Work instructions:
Copy out each line below containing "Electric".

----- Source data -----

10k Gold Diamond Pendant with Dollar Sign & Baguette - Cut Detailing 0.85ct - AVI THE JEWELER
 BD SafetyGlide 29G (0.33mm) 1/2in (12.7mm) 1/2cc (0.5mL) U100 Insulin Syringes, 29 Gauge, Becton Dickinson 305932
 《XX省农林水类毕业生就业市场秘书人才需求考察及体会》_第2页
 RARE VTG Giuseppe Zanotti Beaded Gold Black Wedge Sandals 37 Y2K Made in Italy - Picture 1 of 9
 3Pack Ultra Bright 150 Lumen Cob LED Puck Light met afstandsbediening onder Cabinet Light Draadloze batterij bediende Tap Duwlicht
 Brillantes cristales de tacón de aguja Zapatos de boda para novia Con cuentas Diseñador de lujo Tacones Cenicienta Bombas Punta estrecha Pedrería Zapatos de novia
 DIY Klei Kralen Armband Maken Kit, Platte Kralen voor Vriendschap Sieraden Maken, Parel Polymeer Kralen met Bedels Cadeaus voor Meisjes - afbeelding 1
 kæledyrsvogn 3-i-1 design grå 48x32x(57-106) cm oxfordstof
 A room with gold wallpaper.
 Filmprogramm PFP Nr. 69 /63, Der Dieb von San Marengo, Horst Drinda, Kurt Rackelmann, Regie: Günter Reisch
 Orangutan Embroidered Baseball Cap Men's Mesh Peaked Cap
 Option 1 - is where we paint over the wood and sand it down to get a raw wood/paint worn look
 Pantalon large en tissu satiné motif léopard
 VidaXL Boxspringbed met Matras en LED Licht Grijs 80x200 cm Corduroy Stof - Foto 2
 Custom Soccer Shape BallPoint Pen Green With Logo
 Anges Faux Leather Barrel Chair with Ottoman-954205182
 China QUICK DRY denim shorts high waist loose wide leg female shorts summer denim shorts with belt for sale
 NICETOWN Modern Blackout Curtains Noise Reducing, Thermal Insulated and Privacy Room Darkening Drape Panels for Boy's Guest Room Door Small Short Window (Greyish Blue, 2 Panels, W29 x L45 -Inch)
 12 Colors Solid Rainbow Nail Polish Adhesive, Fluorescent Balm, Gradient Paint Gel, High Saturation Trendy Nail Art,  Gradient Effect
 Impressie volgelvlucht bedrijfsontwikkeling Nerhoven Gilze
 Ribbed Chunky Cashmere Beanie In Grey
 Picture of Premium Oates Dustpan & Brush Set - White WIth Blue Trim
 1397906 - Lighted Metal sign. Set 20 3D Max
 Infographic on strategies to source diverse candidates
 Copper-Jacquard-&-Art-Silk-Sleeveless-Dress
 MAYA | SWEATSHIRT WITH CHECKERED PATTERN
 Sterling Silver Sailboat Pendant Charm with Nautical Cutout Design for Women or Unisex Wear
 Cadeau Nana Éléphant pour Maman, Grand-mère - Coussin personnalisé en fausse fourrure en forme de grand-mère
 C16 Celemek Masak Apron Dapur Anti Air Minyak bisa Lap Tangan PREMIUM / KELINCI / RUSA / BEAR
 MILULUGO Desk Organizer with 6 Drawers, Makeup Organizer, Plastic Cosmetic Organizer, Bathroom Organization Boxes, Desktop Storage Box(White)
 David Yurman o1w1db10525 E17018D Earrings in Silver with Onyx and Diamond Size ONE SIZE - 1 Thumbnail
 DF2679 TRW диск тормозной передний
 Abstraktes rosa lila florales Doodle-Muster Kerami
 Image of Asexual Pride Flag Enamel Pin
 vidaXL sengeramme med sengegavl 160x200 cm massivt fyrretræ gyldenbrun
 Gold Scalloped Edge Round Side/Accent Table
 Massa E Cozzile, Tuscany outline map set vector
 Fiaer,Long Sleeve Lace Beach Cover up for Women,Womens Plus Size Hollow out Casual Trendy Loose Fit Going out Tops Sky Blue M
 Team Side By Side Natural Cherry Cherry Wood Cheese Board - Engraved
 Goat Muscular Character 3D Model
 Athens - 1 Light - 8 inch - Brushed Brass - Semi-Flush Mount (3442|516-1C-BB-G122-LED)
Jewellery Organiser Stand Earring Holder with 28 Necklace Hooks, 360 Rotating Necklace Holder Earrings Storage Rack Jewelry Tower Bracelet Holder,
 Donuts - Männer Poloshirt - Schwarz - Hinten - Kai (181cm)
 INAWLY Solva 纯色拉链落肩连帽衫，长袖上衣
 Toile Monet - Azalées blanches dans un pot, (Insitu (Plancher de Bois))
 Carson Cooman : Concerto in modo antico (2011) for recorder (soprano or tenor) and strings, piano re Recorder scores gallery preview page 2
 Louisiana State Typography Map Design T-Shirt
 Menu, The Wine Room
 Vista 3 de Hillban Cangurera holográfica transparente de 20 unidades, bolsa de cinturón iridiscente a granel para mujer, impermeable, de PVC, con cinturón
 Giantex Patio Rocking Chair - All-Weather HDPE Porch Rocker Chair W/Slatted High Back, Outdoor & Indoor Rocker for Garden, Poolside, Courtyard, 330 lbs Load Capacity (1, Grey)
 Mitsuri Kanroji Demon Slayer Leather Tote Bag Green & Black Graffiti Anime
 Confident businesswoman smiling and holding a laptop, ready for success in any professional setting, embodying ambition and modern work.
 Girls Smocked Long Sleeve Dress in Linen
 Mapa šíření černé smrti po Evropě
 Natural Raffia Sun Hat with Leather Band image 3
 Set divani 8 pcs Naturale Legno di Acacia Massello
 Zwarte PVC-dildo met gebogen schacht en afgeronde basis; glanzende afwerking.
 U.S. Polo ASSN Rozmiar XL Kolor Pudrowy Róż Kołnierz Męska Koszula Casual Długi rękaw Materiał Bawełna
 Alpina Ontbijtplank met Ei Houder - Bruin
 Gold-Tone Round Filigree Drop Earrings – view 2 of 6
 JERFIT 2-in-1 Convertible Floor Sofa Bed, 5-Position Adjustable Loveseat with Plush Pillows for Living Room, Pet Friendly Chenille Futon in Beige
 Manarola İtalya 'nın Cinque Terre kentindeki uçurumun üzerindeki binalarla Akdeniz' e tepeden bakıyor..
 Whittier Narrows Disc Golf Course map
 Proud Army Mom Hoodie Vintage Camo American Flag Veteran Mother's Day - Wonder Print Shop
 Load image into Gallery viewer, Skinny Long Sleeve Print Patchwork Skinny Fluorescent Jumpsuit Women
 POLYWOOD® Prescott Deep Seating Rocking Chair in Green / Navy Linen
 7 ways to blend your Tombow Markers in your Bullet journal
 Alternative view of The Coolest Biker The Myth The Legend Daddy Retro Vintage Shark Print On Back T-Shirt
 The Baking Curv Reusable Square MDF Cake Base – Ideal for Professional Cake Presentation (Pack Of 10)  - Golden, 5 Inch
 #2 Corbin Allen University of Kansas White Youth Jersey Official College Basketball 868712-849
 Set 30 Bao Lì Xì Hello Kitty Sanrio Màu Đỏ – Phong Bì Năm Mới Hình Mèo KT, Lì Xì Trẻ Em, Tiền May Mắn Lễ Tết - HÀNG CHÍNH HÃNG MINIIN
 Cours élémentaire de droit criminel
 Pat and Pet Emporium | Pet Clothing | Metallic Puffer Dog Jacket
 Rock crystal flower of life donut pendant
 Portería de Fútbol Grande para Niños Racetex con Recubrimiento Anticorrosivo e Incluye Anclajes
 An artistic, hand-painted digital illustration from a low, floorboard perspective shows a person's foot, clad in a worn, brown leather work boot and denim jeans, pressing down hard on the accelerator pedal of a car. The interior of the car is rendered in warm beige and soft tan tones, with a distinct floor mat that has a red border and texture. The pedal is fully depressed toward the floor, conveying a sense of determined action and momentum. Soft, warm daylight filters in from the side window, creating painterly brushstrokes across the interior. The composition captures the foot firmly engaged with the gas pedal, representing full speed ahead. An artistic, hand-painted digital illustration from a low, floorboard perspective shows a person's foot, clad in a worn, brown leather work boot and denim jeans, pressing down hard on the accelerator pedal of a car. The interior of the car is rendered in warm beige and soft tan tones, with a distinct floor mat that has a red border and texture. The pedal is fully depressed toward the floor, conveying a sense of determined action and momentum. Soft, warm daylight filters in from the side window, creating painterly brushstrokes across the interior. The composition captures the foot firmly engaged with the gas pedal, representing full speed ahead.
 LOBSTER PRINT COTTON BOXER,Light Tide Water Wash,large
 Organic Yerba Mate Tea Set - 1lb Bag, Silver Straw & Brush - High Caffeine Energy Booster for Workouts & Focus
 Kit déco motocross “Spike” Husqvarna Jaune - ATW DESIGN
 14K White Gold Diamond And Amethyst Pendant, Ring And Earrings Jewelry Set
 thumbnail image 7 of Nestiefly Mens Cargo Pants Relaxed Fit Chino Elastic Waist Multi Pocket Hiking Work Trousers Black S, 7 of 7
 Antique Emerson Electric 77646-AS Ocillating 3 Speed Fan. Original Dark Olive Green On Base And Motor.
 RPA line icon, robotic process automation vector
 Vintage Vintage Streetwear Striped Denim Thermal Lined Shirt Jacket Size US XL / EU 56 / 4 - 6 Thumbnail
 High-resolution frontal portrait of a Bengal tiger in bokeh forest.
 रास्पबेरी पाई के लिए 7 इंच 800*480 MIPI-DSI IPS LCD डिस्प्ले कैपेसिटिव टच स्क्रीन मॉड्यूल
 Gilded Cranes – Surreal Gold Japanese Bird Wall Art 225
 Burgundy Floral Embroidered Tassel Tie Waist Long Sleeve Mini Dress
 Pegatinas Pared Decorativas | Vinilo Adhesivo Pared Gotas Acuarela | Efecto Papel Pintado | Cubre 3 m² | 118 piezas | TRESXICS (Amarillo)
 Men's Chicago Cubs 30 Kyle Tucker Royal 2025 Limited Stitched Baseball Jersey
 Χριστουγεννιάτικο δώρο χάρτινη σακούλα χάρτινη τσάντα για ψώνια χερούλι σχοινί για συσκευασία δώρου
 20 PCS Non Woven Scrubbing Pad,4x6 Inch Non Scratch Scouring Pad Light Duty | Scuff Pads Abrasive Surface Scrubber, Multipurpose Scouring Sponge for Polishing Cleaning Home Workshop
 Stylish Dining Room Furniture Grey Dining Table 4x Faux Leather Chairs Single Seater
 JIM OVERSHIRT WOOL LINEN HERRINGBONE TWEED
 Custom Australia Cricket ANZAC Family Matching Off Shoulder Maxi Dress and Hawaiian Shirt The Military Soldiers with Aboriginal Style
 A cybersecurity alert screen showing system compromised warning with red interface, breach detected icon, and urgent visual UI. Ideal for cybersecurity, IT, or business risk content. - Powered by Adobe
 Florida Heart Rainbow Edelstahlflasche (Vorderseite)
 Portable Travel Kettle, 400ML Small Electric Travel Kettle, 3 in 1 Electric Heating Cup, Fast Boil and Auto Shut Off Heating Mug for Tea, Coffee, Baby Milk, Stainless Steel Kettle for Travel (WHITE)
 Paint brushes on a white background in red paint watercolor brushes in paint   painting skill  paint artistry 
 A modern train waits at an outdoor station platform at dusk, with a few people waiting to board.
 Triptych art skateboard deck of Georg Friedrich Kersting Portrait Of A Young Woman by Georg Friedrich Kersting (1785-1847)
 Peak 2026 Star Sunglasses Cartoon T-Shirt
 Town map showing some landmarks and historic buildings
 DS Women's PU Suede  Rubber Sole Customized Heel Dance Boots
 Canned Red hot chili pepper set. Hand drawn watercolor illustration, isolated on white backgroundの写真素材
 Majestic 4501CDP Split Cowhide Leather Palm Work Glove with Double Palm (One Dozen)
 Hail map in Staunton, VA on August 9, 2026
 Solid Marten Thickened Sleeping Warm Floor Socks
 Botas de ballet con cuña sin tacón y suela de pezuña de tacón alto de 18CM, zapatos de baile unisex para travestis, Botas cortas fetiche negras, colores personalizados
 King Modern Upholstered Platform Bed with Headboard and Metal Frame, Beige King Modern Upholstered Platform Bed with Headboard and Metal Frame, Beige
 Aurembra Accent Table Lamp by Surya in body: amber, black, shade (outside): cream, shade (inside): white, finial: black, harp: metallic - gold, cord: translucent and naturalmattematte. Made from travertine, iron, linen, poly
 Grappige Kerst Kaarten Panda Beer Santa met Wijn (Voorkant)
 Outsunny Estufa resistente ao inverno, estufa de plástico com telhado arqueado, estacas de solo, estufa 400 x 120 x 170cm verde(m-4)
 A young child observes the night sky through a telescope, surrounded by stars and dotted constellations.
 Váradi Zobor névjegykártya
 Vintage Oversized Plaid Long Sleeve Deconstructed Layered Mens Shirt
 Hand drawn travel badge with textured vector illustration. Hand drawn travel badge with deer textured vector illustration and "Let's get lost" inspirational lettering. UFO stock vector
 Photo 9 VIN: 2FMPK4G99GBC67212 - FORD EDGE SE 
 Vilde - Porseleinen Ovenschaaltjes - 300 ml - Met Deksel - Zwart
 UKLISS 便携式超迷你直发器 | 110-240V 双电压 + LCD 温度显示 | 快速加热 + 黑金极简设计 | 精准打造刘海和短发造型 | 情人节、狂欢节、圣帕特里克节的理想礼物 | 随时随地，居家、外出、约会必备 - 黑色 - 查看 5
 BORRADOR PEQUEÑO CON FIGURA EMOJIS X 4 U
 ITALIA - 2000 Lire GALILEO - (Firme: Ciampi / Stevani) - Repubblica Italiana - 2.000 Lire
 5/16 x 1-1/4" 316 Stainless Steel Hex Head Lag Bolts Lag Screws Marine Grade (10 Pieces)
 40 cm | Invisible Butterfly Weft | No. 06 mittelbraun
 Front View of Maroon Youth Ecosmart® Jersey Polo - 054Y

-----

Written solution:
 Antique Emerson Electric 77646-AS Ocillating 3 Speed Fan. Original Dark Olive Green On Base And Motor.
 Portable Travel Kettle, 400ML Small Electric Travel Kettle, 3 in 1 Electric Heating Cup, Fast Boil and Auto Shut Off Heating Mug for Tea, Coffee, Baby Milk, Stainless Steel Kettle for Travel (WHITE)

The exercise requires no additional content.